Quel rapport avec Google me demanderez-vous ? Eh bien Gibson ne s’est pas contenté de gloser sur les possibles applications de la géolocalisation comme grille surimposée au monde réel par opposition à la matrice du cyberespace. En sus de la mosaïque de thèmes, il a écrit avec en tête le système d’indexation de Google. Ce qui nous amène à ce délicieux néologisme qui fait le bonheur des critiques : la googlisation.

La googlisation, c’est l’intégration de l’existence du moteur de recherche comme voie royale pour être lu quand on blogue ou qu’on publie sur le Web. On écrit avec une liste de tags en tête, un titre accrocheur, autant pour le lecteur que pour le moteur de recherche. On utilise les mots et les sujets à la mode dans une course effrénée à la première position dans Google. Le but est d’être le premier à être consulté quand un internaute s’interroge sur un sujet, et entre les termes de sa recherche dans le moteur de Google.

Ainsi les rédactions en ligne sont-elles passées progressivement de l’autre côté du miroir, quand elles se sont préoccupées de rankings et de Google AdSense, d’abord pour augmenter leur popularité, ensuite pour dégager des revenus publicitaires. Un phénomène extrêmement contemporain et jusqu’ici spécifique au Web version 2.0. Dans un tel contexte, la démarche de William Gibson peut apparaître comme logique, voire suiviste (après les blogs, les romans !) à un détail près : les blogs et la presse en ligne sont numériques et prêts à être indexés par Google, les romans, eux, en sont loin.
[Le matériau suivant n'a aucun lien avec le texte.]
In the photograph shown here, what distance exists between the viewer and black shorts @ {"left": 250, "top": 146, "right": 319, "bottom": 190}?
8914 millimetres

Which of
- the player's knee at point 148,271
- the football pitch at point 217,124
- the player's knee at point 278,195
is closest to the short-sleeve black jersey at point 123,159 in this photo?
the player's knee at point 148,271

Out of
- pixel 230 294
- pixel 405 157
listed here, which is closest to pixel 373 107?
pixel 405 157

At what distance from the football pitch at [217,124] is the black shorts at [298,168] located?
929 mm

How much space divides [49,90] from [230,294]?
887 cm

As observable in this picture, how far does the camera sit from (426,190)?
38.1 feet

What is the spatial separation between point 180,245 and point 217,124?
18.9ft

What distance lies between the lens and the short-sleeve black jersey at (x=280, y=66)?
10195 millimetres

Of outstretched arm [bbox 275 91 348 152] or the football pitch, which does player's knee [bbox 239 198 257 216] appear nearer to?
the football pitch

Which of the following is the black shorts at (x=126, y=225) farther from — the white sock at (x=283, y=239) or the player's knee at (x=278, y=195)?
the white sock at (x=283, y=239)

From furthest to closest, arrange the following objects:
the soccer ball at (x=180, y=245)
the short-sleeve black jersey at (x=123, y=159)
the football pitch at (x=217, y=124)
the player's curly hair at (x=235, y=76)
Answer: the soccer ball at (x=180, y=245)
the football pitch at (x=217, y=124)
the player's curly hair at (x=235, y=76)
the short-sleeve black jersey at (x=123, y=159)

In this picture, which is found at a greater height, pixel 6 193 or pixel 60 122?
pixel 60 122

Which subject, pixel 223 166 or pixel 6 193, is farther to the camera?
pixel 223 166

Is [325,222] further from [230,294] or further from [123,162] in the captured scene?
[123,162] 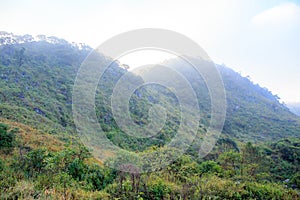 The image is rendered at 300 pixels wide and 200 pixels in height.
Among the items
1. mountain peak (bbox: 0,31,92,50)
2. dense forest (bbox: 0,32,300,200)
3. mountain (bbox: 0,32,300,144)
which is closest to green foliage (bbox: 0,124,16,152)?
dense forest (bbox: 0,32,300,200)

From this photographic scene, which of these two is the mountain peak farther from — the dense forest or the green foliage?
the green foliage

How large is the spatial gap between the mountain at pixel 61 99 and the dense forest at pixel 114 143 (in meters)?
0.11

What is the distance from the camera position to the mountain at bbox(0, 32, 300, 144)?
20016mm

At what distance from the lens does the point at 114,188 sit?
192 inches

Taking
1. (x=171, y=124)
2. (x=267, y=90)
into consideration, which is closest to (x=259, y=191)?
(x=171, y=124)

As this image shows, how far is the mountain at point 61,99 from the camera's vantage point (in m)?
20.0

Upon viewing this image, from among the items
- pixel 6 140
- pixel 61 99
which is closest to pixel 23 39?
pixel 61 99

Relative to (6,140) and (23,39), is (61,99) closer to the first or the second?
(6,140)

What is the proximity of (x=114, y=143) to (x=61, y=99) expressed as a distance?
477 inches

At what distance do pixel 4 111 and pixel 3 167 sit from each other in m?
12.9

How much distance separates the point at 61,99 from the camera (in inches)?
1015

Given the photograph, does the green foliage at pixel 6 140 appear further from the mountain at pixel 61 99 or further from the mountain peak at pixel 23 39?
the mountain peak at pixel 23 39

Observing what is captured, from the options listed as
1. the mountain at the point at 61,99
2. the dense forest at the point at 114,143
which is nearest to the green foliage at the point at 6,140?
the dense forest at the point at 114,143

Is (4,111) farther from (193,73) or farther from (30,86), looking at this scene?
(193,73) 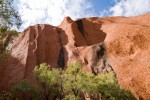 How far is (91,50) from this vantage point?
65.4 metres

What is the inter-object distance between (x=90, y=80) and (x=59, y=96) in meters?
12.8

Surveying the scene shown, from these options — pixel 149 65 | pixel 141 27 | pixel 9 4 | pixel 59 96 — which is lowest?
pixel 59 96

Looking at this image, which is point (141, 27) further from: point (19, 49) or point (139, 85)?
point (19, 49)

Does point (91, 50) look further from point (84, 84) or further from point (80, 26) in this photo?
point (84, 84)

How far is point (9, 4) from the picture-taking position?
31.0 meters

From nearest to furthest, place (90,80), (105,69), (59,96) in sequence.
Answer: (90,80), (59,96), (105,69)

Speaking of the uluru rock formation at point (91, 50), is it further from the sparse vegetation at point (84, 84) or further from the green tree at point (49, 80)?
the green tree at point (49, 80)

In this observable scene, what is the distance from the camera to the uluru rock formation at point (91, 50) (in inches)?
2179

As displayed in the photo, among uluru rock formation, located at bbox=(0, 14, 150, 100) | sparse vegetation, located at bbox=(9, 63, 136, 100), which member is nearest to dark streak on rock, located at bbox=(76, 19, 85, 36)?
uluru rock formation, located at bbox=(0, 14, 150, 100)

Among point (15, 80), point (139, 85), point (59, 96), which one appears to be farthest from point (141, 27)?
point (15, 80)

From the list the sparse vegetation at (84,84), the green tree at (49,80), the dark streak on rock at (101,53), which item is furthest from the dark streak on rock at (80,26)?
the sparse vegetation at (84,84)

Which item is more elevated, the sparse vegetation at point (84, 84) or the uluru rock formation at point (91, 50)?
the uluru rock formation at point (91, 50)

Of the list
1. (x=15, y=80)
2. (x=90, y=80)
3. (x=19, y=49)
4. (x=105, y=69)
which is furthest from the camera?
(x=19, y=49)

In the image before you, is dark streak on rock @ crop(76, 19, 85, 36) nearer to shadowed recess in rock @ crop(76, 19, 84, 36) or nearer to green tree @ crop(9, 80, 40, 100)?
shadowed recess in rock @ crop(76, 19, 84, 36)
Cela nous amène à dresser un état des lieux de l’indexation des livres dans Google aujourd’hui (c’est-à-dire avant que les livres ne soient couramment numérisés dans leur intégralité et consultables en ligne comme le propose… Google Book Search !). A l’heure actuelle, un livre est référencé sous forme numérique fragmentée :

  • un titre,
  • un auteur,
  • un prix,
  • un ISBN d’identification,
  • une 4e de couverture,
  • une notice de référencement pour librairies en ligne,
  • les critiques écrites sur le Net à son sujet

Tous ces éléments textuels épars et informations diverses sont autant de cailloux blancs lâchés/jetés pour que le lecteur trouve son chemin vers Amazon ou Fnac.com. Imaginons maintenant la multiplication de ces cailloux si le texte d’un roman de Proust était totalement indexé par Google. On entre Guermantes à tout hasard dans Google ou bien Vue de Delft et le résultat des recherches converge naturellement vers Proust. Bien sûr, la notoriété des écrits de Proust est telle qu’il n’est pas nécessaire d’indexer toute la Recherche pour obtenir ces résultats.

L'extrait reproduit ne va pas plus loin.